Last Saturday, in the break after the final mock trial of the NH state championships, while we were waiting for the judges’ decision, one of the coaches from the other team told me that she believed the Exeter kids had cheated.  They had cheated, she said, by taping her team’s Friday evening trial and then using the tape to copy her team’s questions in the final trial.  I fished out my copy of the rules, and noted that there was no rule against taping, only a rule prohibiting taping to which the other team objected.  Had her kids objected?  There was also a rule requiring that all rules violations be raised in the trial in question.  Had her kids done that in the trial in question?  It was an ugly moment, but one that I hoped would pass.

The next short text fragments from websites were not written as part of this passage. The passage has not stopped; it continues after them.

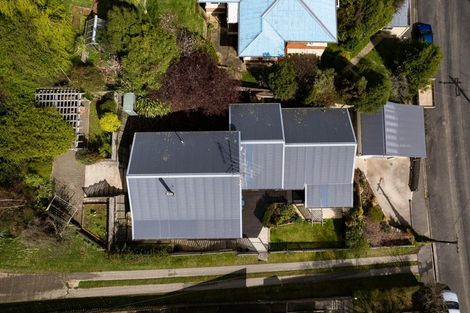 Photo of property in 72 Hocken Street, Kenmure, Dunedin, 9011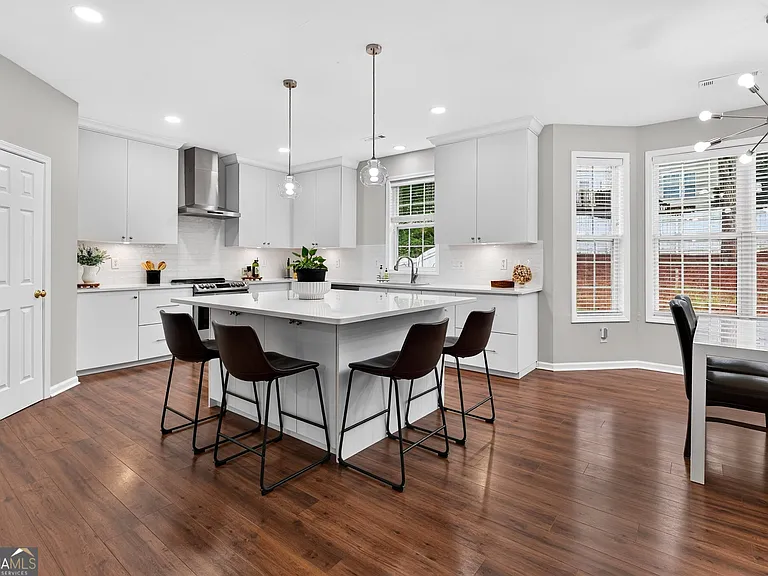 323 Revolution Dr — Photo 14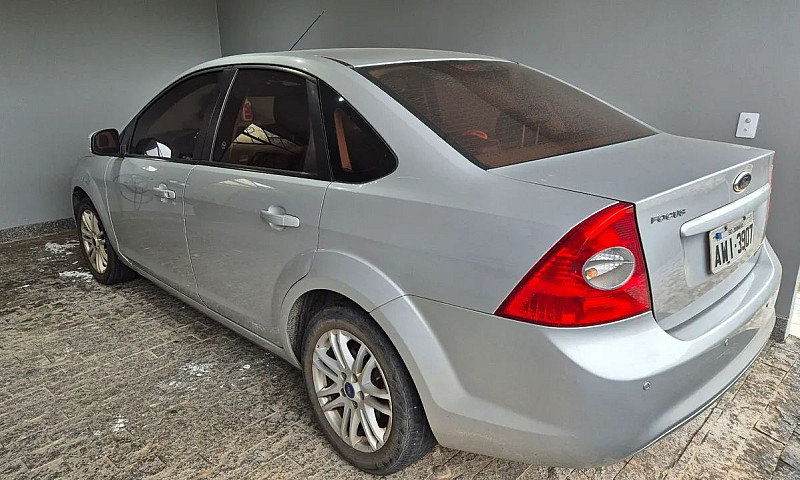 Ford Focus Sedan 2.0...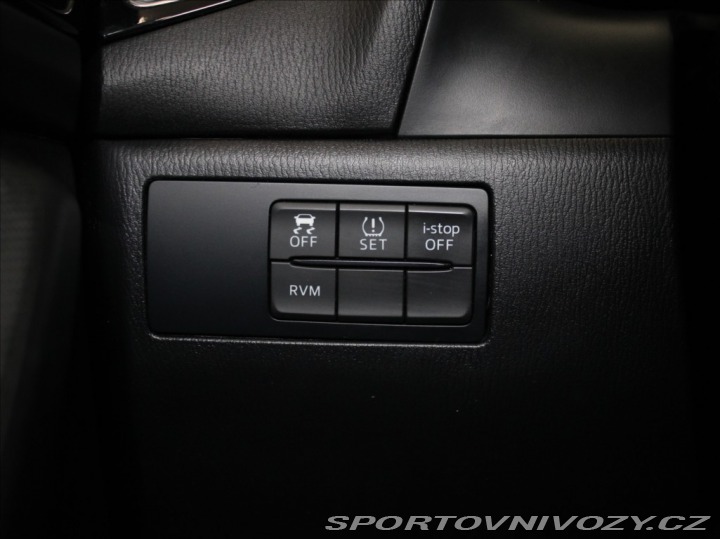 Mazda Ostatní modely 3 2,0 G165 Revolution Výpro 2016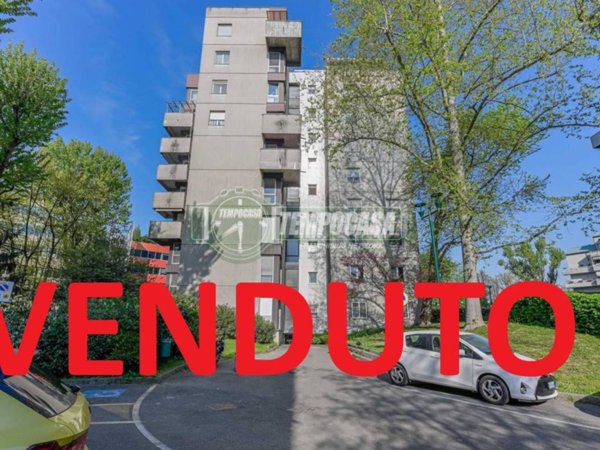 appartamento in vendita a Segrate in zona Novegro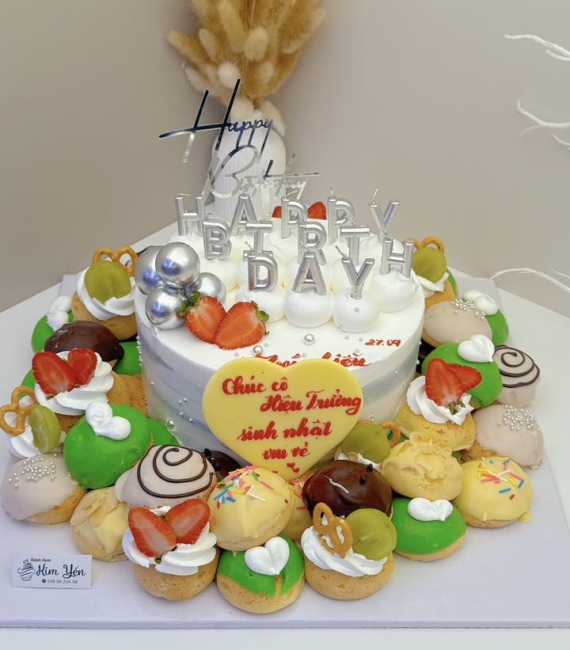 Set bánh su kem Singapore kèm bánh kem tặng sinh nhật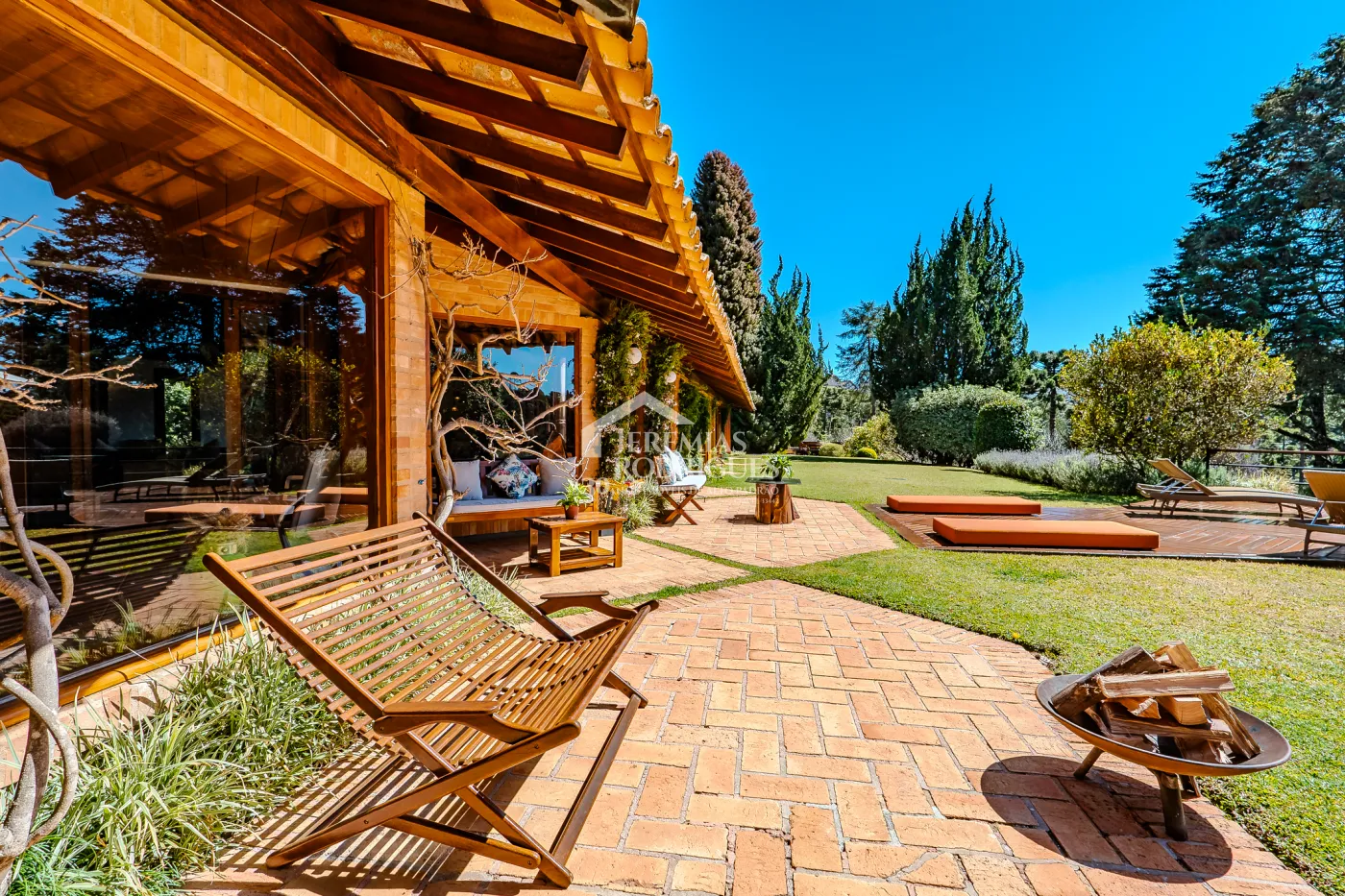 Mansão à venda com 7 suítes no Condomínio Vila Simonsen em Campos do Jordão/SP.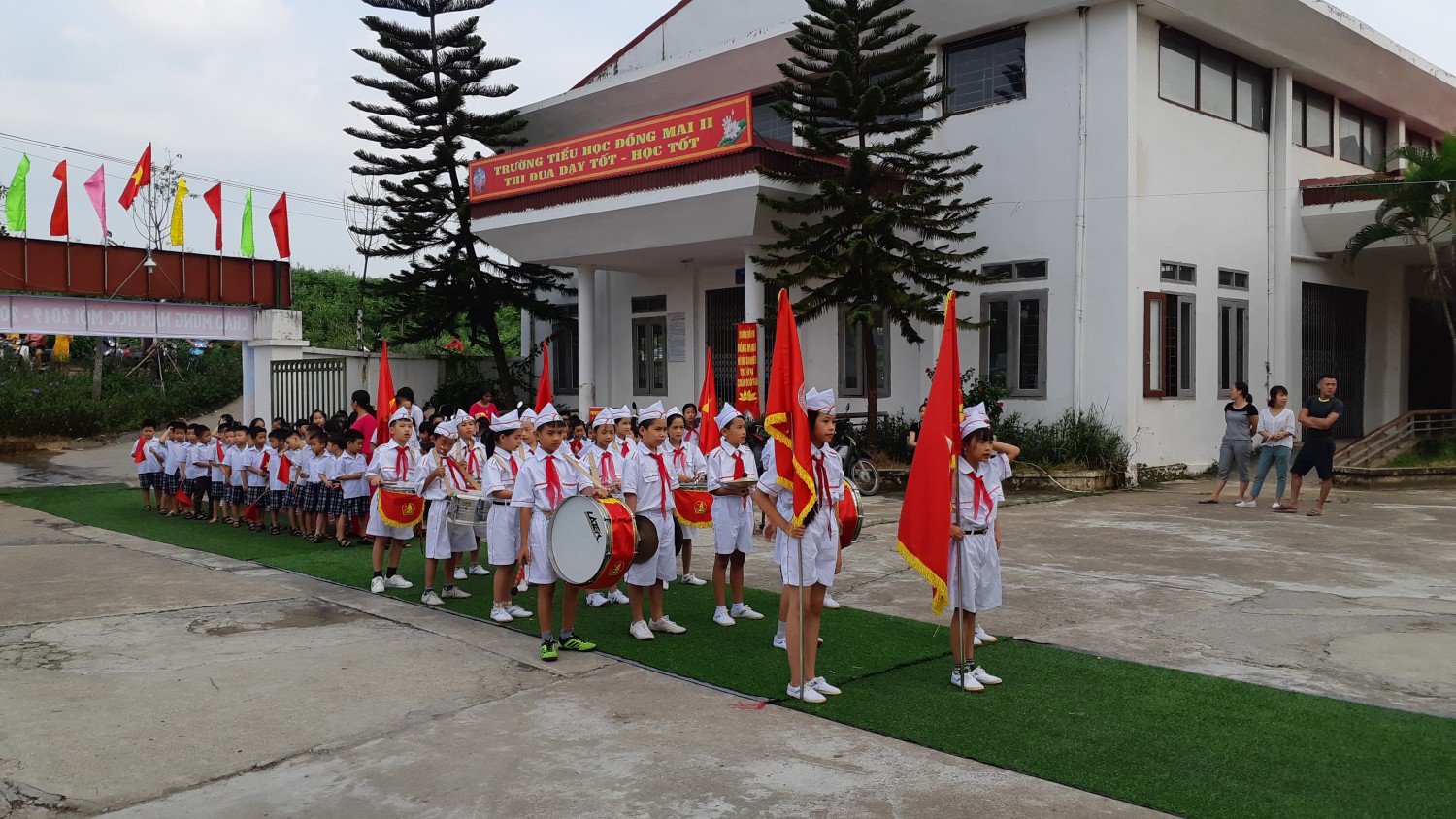 Thông báo tuyển sinh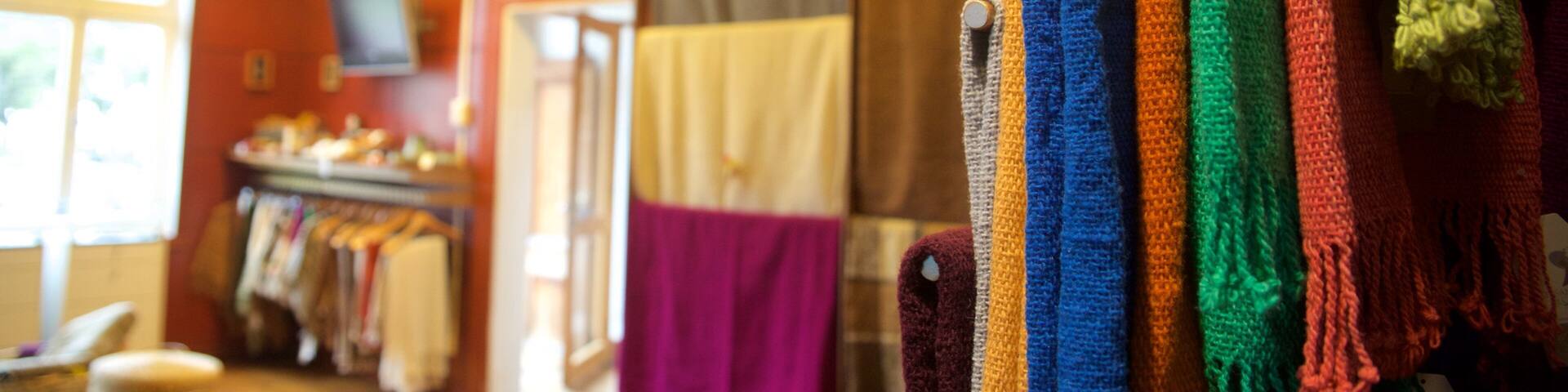 Puerto Montt mostrando compras y vistas de interior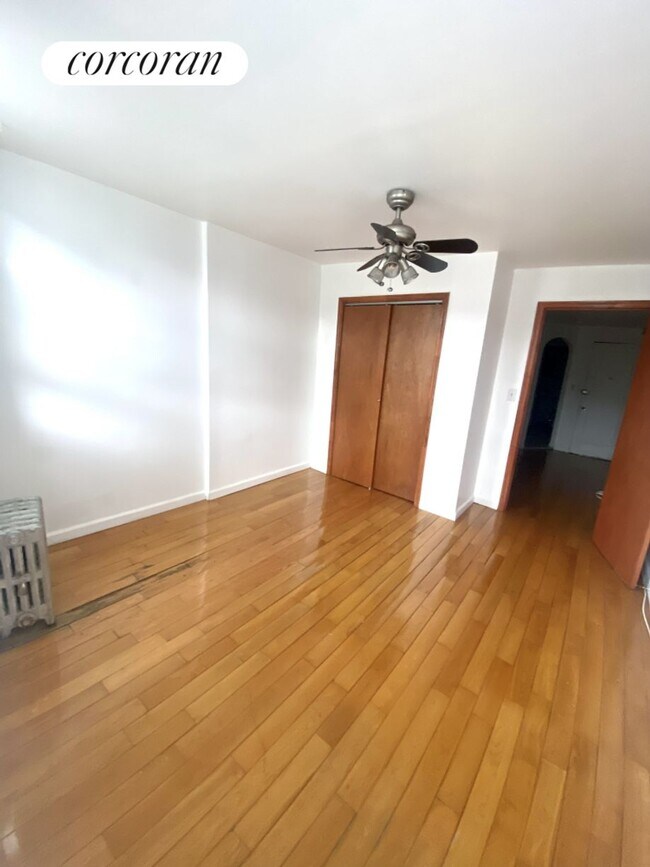 7 Spring St in New York, NY - Building Photo - Building Photo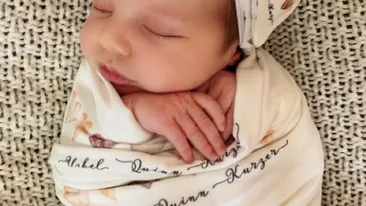 Celeba actriță Jewel Mischea a publicat prima imagine cu noul membru al familiei. Artista a adus pe lume o fetiță: ”O creatură cu mult păr pe cap, ochi mari...”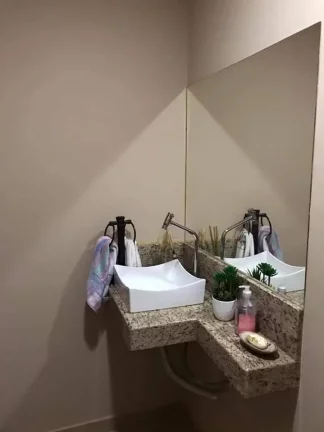 Imagem LINDA CASA A VENDA NO BAIRRO: BRAUNES - NOVA FRIBURGO RJ.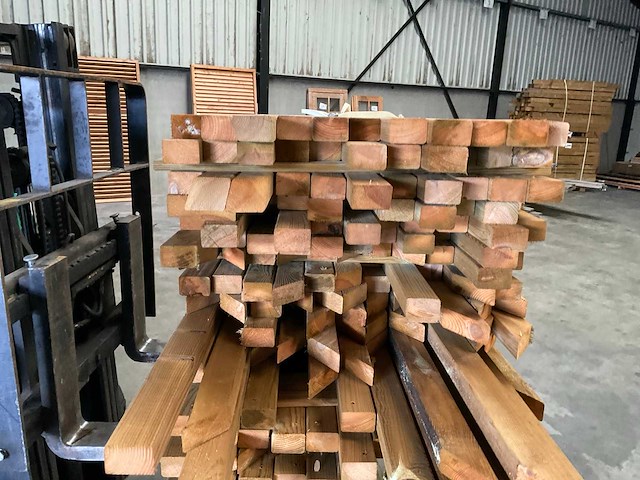 Partij grenen balken 80-180x6,5x4,5 cm - afbeelding 9 van  9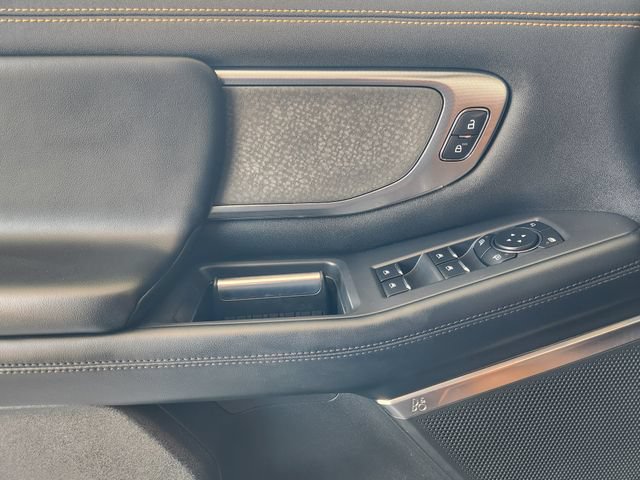 Used 2025 Ford Expedition Tremor AWD/4WD image 23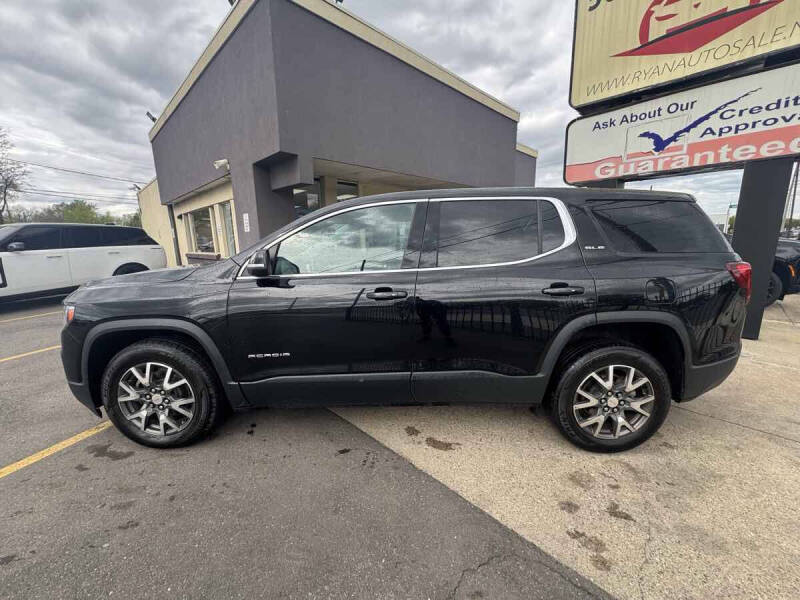 2020 GMC Acadia SLE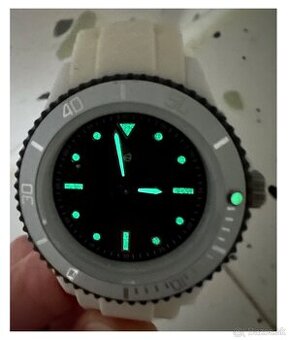 ŠPORTOVÉ unisex neMeCké HODINKY za 20EUR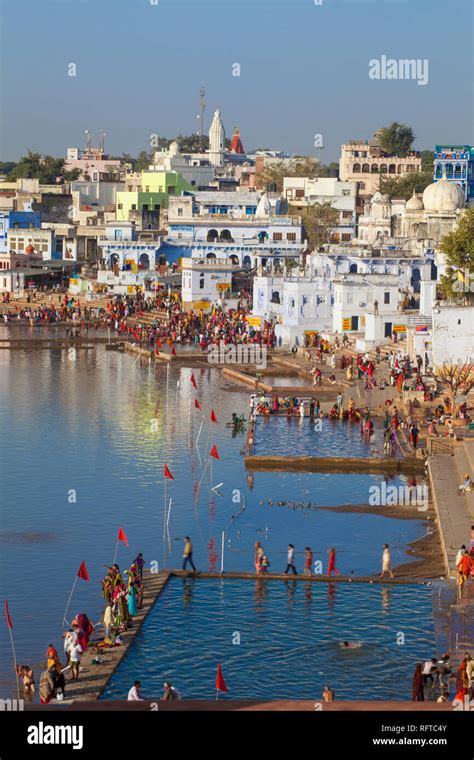 Pushkar Lake and bathing ghats, Pushkar, Rajasthan, India, Asia Stock Photo - Alamy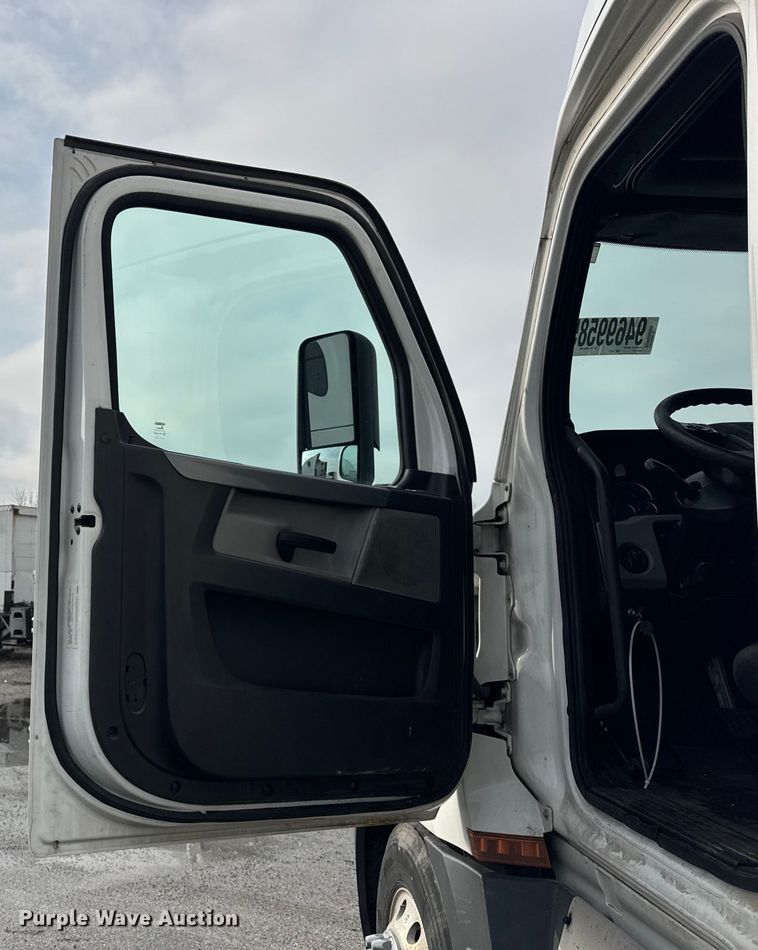 image for item YA1675 2018 Freightliner Cascadia semi truck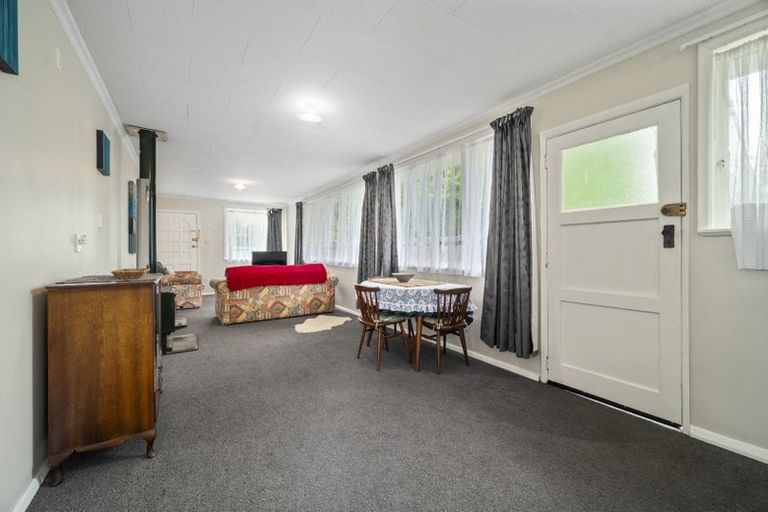 Photo of property in 138 Te Rangitautahanga Road, Turangi, 3334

It did not pass.  I learned on Monday that the defeated team’s coaches had requested from the state mock trial coordinator a “dispute resolution form.”  This suggested they intended to file an appeal.  This threat colored the entire week:  I had to tell people that there was an “asterisk” over our state mock trial victory.

The losing team did file an appeal, about five pm on Thursday.  In their appeal document, the losing team’s coaches alleged not only the taping/copying violation, but also that we had violated the rule against costuming and, in a trial involving another team, the rule against passing notes.  The losing team coaches asked that the state coordinator take away the Exeter team’s state title so that the other team, not Exeter, would represent New Hampshire in the 2012 national championship.  They even asked that Exeter not be allowed to participate in the 2013 mock trial state championship.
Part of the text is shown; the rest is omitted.